Start of Block

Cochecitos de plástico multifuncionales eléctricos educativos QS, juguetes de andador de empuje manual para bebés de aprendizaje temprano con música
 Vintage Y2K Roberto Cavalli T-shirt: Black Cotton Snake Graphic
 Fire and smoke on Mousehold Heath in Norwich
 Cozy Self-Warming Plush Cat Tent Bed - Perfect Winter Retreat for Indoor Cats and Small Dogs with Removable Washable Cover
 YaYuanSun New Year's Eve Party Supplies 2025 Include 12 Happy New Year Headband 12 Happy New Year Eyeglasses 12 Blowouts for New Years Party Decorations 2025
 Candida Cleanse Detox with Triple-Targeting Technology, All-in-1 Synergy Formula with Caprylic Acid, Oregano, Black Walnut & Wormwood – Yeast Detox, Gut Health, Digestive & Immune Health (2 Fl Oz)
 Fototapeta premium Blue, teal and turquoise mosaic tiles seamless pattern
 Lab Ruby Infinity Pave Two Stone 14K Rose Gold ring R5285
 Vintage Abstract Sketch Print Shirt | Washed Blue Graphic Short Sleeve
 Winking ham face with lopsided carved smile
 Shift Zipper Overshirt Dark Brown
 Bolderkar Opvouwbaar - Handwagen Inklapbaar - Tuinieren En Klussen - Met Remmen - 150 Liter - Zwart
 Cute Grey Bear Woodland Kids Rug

End of Block

Output exactly the lines from the one with "Shift Zipper Overshirt Dark Brown" through the final line of the listing above.

• _Your solution_:
 Shift Zipper Overshirt Dark Brown
 Bolderkar Opvouwbaar - Handwagen Inklapbaar - Tuinieren En Klussen - Met Remmen - 150 Liter - Zwart
 Cute Grey Bear Woodland Kids Rug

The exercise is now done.